Boundaries and contents of the cubical fossa

Answer 3

Boundaries
Superiorly: imaginary line connecting the lateral and medial epicondyles
Medically: pronation teres
Laterally: brachioradials

Contents:
Terminal part of brachial artery, start of radial and ulnar arteries, median nerve, radial nerve (superficial and deep branches)

Question 4

Flexor muscles of the forearm

Answer 4

1st layer: pronator teres, flexor carpi radialis, palmaris longus, flexor carpi ulnaris

Intermediate layer: flexor digitorium superficialis

Deep (3rd) layer: flexor digitroum profundus, flexor pollicis longus, pronator quadratus

Question 5

Structures in the anterior arm

Answer 5

The 2 heads of biceps brachii mm and its distal attachment, the brachialis and coracobrachialis mm, motor and sensory parts of the musculocutaenous n, brachial a and its bifurcation

Question 6

What is compartment syndrome

Answer 6

Increased pressure within any fixed volume space can result in compartment syndrome

• intracompartmental pressure may exceed the capillary perfusion pressure of 25-30 mmHg - will result in temporary or permanent damage

Question 7

What is the Gleno-humeral joint

Answer 7

Spheroidal head of humerus articulates with pear shaped glenoid fossa of the scapula. This ball and socket joint has striking incongruency (head 4x>socket)

Question 8

Most common shoulder problems

Answer 8

Dislocation

Rotator cuff injury

Frozen shoulder

Fracture

Arthritis

Question 9

What happens in frozen shoulder / adhesive capsulitis

Answer 9

The normally very flexible elastic joint capsule becomes inflamed and eventually contracted.

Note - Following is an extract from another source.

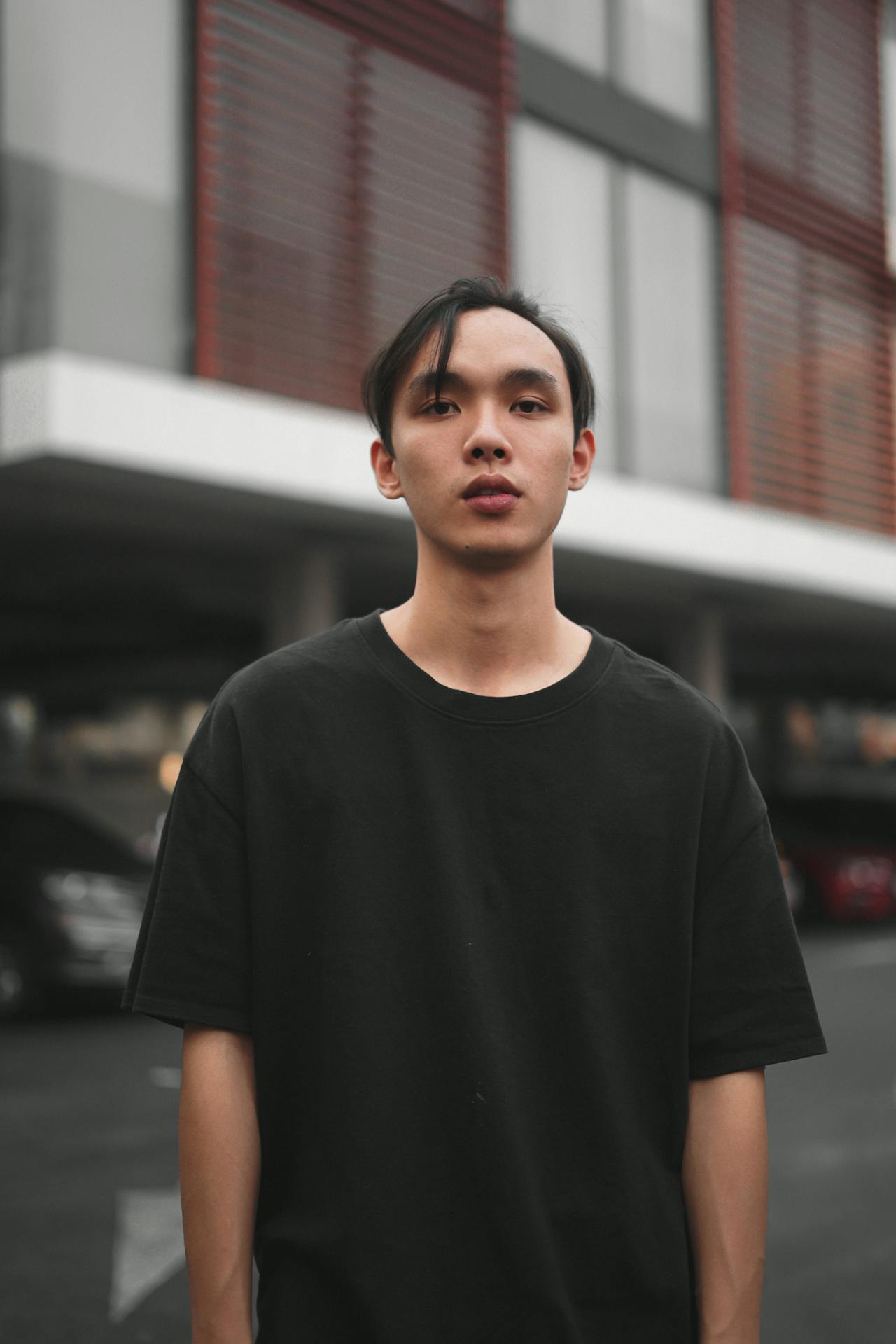 Urban Chill Tee - Image 4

Severely painful and restrictive

Question 10

Arteriovenous fistula for haemodialysis

Answer 10

Haemodialysis fistulas are surgically created communications between the native artery and vein in an upper extremity.

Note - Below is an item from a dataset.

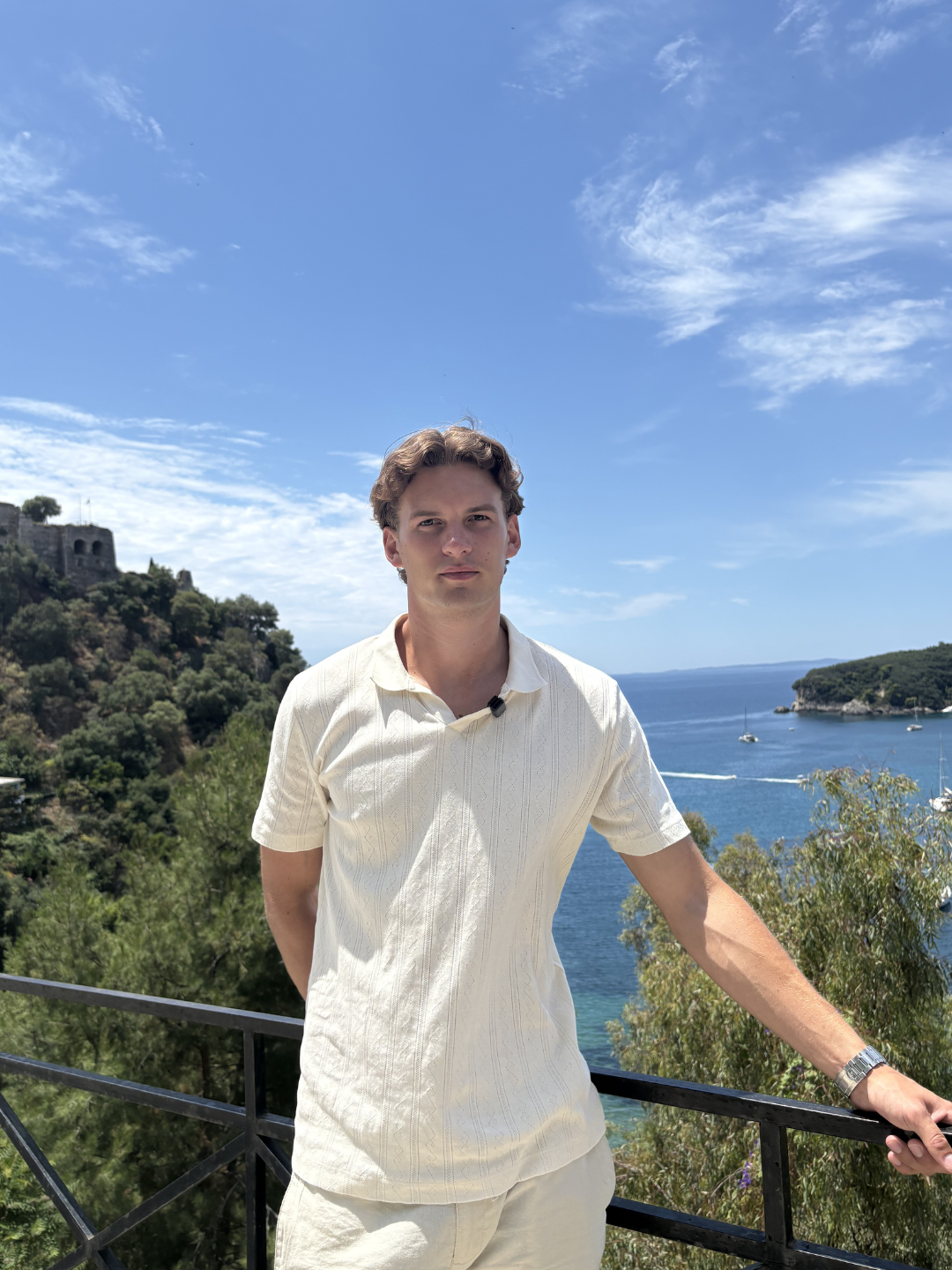 Malthe – medstifter af HR Marketing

The access that is created can be routinely used for haemodialysis 2-5 times per week

Question 11

Order of preference for arteriovenous fistula placement

Answer 11

1) radial - cephalic
2) brachiocephalic
3) braciobasic

Question 12

Common flexor-pronator attachment

Answer 12

• pronator teres (humeral head)
• flexor carpi radialis
• flexor carpi ulnaris (humeral head)
• palmaris longus
• flex digit superficialis (humeral head)

Question 13

Common extensor - supinator attachment

Answer 13

• anconeus
• supinator
• extensor digitorum
• extensor digiti minimi
• extensor carpi ulnaris
• extensor carpi radialis brevis

Question 14

What are muscles of the arm enclosed by

Answer 14

Circumferential fascia

Question 15

What is the elbow joint complex

Answer 15

Compound joint of 3 separate articulations within the same capsule

Humeroradial joint aka radiocapitellar joint (shallow ball and socket = hinge / pivot joint)

Humeroulnar joint (hinge)

Proximal radioulnar joint (pivot)

Question 16

What can go wrong with the elbow joint

Answer 16

Dislocation / fracture 
Osteoarthritis 
Epicondylitis 
Olecraon bursitis 
Distal biceps tendon rupture

Question 17

3 main mechanisms of injury to the elbow

Answer 17

Valgus forces

Posterior translocation

Posterolateral rotation

Question 18

What is carpal tunnel syndrome

Answer 18

Compression of the median nerve in the carpal tunnel (most common nerve compression syndrome overall)

Question 19

What is cartilage

Answer 19

Specialised connective tissue with a support function (often the shock absorbers of the body, can be tough or flexible depending on composition of matrix)

Cells: chondrocytes
Matrix: type II collagen and proteoglycans + others depending on type of cartilage
(Avascular)

Question 20

Describe cartilage cells

Answer 20

Derived from embryonic mesenchyme (spindle) - clusters of chondroblasts (rounded) surrounded by a layer of perichondrium (mesenchyme derived fibroelastic cells and collagen)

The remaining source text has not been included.